:: Exercise directions ::
Leave out every line before the one containing "Truist park walkable apt - 3", and set down that line and the rest through the end of the listing exactly.

:: Provided data ::
= Beginning of Section =

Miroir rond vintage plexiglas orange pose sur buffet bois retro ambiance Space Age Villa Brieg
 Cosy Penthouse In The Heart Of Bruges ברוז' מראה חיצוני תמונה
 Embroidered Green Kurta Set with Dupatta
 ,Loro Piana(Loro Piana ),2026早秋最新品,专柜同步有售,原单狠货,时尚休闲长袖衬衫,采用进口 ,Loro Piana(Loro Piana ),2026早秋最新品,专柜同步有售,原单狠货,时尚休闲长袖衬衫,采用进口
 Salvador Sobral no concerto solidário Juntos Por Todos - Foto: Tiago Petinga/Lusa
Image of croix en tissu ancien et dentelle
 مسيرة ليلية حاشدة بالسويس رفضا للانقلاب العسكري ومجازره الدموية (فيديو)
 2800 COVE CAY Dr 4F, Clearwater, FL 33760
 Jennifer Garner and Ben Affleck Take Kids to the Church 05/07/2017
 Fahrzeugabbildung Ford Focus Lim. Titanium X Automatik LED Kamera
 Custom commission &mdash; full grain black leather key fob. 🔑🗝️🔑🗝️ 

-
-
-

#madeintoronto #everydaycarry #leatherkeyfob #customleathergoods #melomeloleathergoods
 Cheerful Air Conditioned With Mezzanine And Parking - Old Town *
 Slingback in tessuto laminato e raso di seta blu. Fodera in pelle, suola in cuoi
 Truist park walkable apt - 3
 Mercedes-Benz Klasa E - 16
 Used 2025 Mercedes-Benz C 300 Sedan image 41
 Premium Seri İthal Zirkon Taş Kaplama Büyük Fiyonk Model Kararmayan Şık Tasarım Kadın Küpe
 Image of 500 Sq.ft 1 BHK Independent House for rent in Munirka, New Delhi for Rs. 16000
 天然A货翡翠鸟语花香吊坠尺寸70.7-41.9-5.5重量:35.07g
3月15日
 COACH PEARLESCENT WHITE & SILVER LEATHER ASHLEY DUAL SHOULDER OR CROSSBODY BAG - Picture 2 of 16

= End of Section =

:: Exercise answer ::
 Truist park walkable apt - 3
 Mercedes-Benz Klasa E - 16
 Used 2025 Mercedes-Benz C 300 Sedan image 41
 Premium Seri İthal Zirkon Taş Kaplama Büyük Fiyonk Model Kararmayan Şık Tasarım Kadın Küpe
 Image of 500 Sq.ft 1 BHK Independent House for rent in Munirka, New Delhi for Rs. 16000
 天然A货翡翠鸟语花香吊坠尺寸70.7-41.9-5.5重量:35.07g
3月15日
 COACH PEARLESCENT WHITE & SILVER LEATHER ASHLEY DUAL SHOULDER OR CROSSBODY BAG - Picture 2 of 16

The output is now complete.